*REQUIREMENT*: Copy out all lines in the material below that contain the string "Lezhin".

*RECORD SET*:
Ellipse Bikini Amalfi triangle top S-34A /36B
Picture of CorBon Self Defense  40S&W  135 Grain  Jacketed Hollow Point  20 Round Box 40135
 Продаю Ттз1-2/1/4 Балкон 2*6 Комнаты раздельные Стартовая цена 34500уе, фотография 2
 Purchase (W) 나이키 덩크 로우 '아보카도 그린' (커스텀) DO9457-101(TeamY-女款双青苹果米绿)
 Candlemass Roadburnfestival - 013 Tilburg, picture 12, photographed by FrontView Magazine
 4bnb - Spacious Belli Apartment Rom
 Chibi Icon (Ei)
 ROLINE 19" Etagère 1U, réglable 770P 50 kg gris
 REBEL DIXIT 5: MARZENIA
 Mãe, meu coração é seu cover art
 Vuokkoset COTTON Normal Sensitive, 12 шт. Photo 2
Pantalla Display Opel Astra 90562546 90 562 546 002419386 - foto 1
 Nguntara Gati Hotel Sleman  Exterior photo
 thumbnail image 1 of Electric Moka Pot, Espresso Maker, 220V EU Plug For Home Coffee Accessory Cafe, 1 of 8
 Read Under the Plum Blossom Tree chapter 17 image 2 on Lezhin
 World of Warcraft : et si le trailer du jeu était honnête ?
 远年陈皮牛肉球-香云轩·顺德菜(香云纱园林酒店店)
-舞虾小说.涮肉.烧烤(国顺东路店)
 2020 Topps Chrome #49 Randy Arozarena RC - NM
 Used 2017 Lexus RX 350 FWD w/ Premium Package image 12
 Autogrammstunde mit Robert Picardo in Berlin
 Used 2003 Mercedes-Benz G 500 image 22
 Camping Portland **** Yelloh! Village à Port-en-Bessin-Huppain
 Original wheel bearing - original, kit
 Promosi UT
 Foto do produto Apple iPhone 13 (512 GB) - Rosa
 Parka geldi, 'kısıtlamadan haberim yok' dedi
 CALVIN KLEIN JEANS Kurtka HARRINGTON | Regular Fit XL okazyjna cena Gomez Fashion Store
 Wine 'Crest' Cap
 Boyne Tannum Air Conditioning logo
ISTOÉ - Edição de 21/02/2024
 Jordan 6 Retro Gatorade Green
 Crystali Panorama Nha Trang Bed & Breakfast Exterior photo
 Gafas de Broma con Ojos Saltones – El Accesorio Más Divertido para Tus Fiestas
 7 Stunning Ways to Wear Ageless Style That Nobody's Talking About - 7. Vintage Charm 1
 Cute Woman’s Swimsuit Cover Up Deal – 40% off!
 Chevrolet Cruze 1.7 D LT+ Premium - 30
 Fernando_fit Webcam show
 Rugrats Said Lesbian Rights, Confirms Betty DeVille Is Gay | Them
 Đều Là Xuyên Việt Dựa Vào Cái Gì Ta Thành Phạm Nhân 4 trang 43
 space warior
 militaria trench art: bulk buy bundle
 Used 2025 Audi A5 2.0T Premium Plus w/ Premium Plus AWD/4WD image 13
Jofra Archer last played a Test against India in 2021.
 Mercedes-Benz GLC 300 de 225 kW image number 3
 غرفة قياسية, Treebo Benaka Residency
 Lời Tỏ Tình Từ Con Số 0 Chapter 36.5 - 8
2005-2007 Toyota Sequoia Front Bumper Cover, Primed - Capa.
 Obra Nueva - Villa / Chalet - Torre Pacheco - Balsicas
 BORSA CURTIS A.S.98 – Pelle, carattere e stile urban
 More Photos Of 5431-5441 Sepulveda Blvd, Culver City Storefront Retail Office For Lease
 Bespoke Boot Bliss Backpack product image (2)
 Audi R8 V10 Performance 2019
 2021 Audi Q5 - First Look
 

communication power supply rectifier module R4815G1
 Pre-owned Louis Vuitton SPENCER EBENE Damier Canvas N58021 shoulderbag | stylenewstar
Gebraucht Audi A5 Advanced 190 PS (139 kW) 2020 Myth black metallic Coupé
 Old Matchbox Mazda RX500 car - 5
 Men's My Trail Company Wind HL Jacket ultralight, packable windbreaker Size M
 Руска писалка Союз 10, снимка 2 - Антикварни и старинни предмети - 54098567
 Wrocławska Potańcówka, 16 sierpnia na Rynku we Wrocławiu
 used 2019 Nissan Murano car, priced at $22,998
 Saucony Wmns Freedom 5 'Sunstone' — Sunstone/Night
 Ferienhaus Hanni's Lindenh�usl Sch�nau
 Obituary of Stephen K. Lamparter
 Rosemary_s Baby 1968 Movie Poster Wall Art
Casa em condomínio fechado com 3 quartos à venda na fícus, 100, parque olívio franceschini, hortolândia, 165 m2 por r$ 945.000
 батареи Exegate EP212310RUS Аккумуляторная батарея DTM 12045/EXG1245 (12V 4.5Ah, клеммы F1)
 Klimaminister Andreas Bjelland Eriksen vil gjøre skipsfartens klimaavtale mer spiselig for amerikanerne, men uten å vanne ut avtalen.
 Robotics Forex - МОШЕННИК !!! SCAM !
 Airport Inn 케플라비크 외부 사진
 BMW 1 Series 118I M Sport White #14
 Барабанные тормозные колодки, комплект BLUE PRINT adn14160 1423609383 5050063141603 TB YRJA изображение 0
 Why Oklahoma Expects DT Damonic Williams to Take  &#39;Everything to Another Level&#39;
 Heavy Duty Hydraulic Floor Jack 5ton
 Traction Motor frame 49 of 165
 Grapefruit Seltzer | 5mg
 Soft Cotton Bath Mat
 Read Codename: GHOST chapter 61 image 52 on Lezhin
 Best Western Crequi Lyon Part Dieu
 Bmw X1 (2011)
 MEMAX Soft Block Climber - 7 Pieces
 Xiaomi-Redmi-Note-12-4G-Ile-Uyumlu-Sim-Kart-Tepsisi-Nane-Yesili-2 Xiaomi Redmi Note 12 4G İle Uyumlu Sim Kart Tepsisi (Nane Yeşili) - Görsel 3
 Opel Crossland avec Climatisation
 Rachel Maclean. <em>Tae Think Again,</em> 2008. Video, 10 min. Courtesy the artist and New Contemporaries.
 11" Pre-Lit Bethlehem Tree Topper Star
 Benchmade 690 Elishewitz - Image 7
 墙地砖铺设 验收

*ANSWER SECTION*:
 Read Under the Plum Blossom Tree chapter 17 image 2 on Lezhin
 Read Codename: GHOST chapter 61 image 52 on Lezhin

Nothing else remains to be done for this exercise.